Fungicide Evaluations – Conventional Products – When tested singly, the most effective fungicides in the 2013 experiment were Zampro*, Revus, Orondis (pka Zorvec)*, and Ranman (*not registered yet). ProPhyt was effective in 2013 but not 2012 when another phosphorous acid fungicide, K-Phite, also was ineffective. Presidio was ineffective. Only Orondis and Zampro were effective in the 2012 experiment. Revus was ineffective in 2010 and 2011 when a single-nozzle boom was used. Limited efficacy detected in these experiments is at least partly due to the stringent assessment used: when assessing percent leaves affected, the severity of disease on the leaves is not taken into considered in the assessment. Best control (90-100%) was obtained with combination programs that were applied on a preventive, weekly schedule using a boom with drop nozzles in 2014 and also 2015 (2015a report). The programs included Ridomil, Quadris, Ranman, Revus, and K-Phite or Quadris, Ranman, Revus, and Orondis. K-Phite was applied at lowest label rate with all applications of the other fungicides based on the current opinion that this is the best use pattern for phosphorous acid fungicides. Many of these fungicides in different combinations in another experiment provided poor control at least partly due to an unintended lapse in the spray schedule with 13 days between applications and rainfall 9 days after the previous application (2015b report).
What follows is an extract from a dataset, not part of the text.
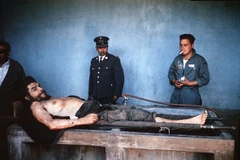 Công bố hình ảnh chấn động về Che Guevara sau 47 năm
Fungicide Evaluations – Organic Products – Products evaluated singly were Actinovate, BioGuard, Companion*, Organocide*, Oxidate, Regalia, Sporatec*, Sonata*, and Timorex Gold* (*product not registered or not labeled for this use). All provided little to no control based on percentage of leaves with symptoms, which is a rigorous assessment measure, but realistic reflecting the level of control needed to produce a marketable crop. All products tested singly were applied on a preventive, 7-day schedule with the exception of OxiDate, which was applied twice weekly in 2011. Applications were made with a single nozzle boom over the top of plants in 2010 and 2011, when the focus of evaluations was on products approved for organic production and other biopesticides. However, control of downy mildew was not achieved with the organic products tested singly in 2012 and the combination programs tested in 2013, 2014, and 2015, which were all applied with a boom with three nozzles per plant, two of which were drops. The combination program consisted of Regalia applied to soil starting at transplanting followed by Actinovate alternated with Trilogy applied to foliage in 2013 and 2014 or MilStop + Double Nickel alternated with Regalia + Double Nickel + Cueva and then Trilogy applied to foliage in 2015. The foliage sprays were made approximately twice weekly in 2014 and 2015 (2015a report), and started at least 24 days before symptoms were found in the experiment. These combination programs were also tested on a moderately resistant variety, Eleonora; but using this integrated program (fungicides applied to a resistant variety) also did not result in successful control. No treatments were effective in another experiment with organic products (Double Nickel, Double Nickel + Regalia, Procidic, and Sil-Matrix) and a non-organic biopesticide (Oso) all applied in alternation with a copper fungicide, Cueva (2015c report).
Plant Resistance Evaluations – Breeding Lines and Experimental Varieties– Excellent suppression of downy mildew was achieved with some resistant experimental varieties developed at Rutgers. They performed at least as well as resistant breeding lines and inherently resistant spice basil types. No symptoms were observed on some in 2014. A commercial resistant variety, Eleonora, exhibited some suppression. Experimental varieties from Enza Zaden USA, Inc. and PanAmerican Seed performed better than Eleonora in 2015.